Ist das Leben nicht schön? erzählt die Geschichte des engagierten Bürgers George Bailey, der in der Weihnachtsnacht wegen eines Missgeschicks seinen Lebensmut verliert und sich von einer Brücke stürzen will – bis er von einem Engel gerettet wird, der ihm zeigt, wie seine Heimatstadt aussehen würde, wenn er nie geboren worden wäre. Trotz kommerziellen Misserfolgs wurde der Film mit der Zeit zum Klassiker und wird von vielen Kritikern als einer der besten Filme aller Zeiten angesehen.

So beginnt der Wikipedia-Eintrag zu Frank Capras Film aus dem Jahr 1946 mit James Stewart und Donna Reed in den Hauptrollen. Der Film genießt unterdessen als Weihnachtsfilm Kultstatus. Ich verlinke die durchaus passable Wikipedia-Zusammenfassung für diejenigen, die diesen Film bislang nicht gesehen haben und konzentriere mich auf den Kerngedanken, der schlicht mit der Vorstellung spielt: Wie sähe die Welt aus, wenn es Dich nicht gegeben hätte – nicht geben würde?

Alle Überlegungen und Phantasien dazu müssen zwangsläufig rein spekulativ bleiben, sieht man einmal von der gewaltigen Differenz ab, die allein durch den Umstand begründet wird, ob wir uns am gattungsbezogenen Reproduktionsgeschehen beteilig(t)en (haben/wollen/können) oder nicht.

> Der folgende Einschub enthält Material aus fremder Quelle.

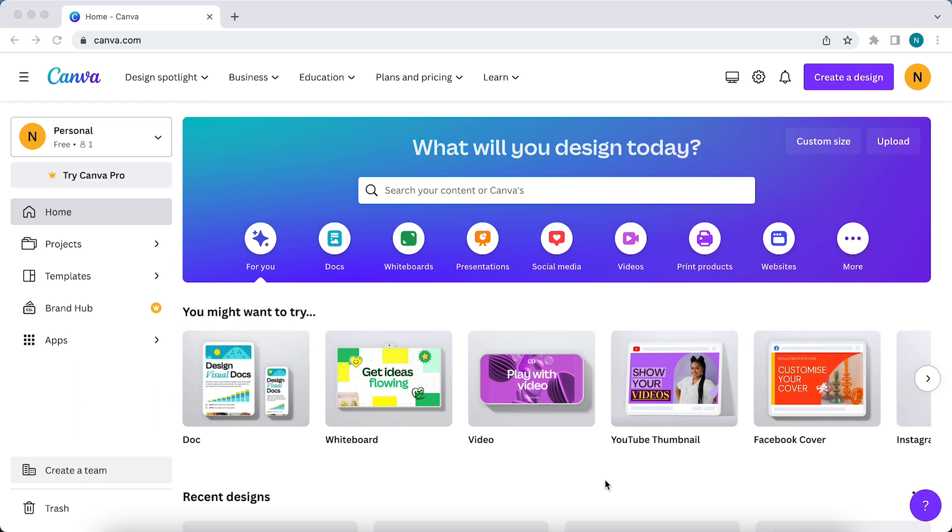But I think that is not the most efficient way, because you can just search for content or for templates within Canva.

Rückblickend – den Fokus auf uns selbst gerichtet – hat wohl Alexander Kluge recht, wenn er davon ausgeht, dass wir unter unseren acht Urgroßeltern nicht geboren sein werden. Alexander Kluge spitzt diese Annahme ja auf ungewöhnliche Weise zu, indem er betont: „Sie können sagen, die (unsere acht Urgroßeltern) sind so verschieden und wussten so wenig, in welchen Körpern sie einmal zusammen kommen werden, dass wir selbst eigentlich denken müssten, bei uns müsste Bürgerkrieg herrschen.“ Allein dieser Gedanke befeuert unsere Phantasie und ein jeder und eine jede wird vielleicht neugierig, wer da alles in einem zusammengekommen ist. Darauf hatten und haben wir keinen Einfluss! Acht Urgroßeltern, vier Großeltern, Mutter und Vater – das ist eine geballte Ladung an Gegensätzen, Gemeinsamkeiten und Potentialen. Hier begegnet uns das Schicksalszufällige in konzentrierter und unaufhebbarer Form. Wir stehen in der Abfolge unserer Ahnen.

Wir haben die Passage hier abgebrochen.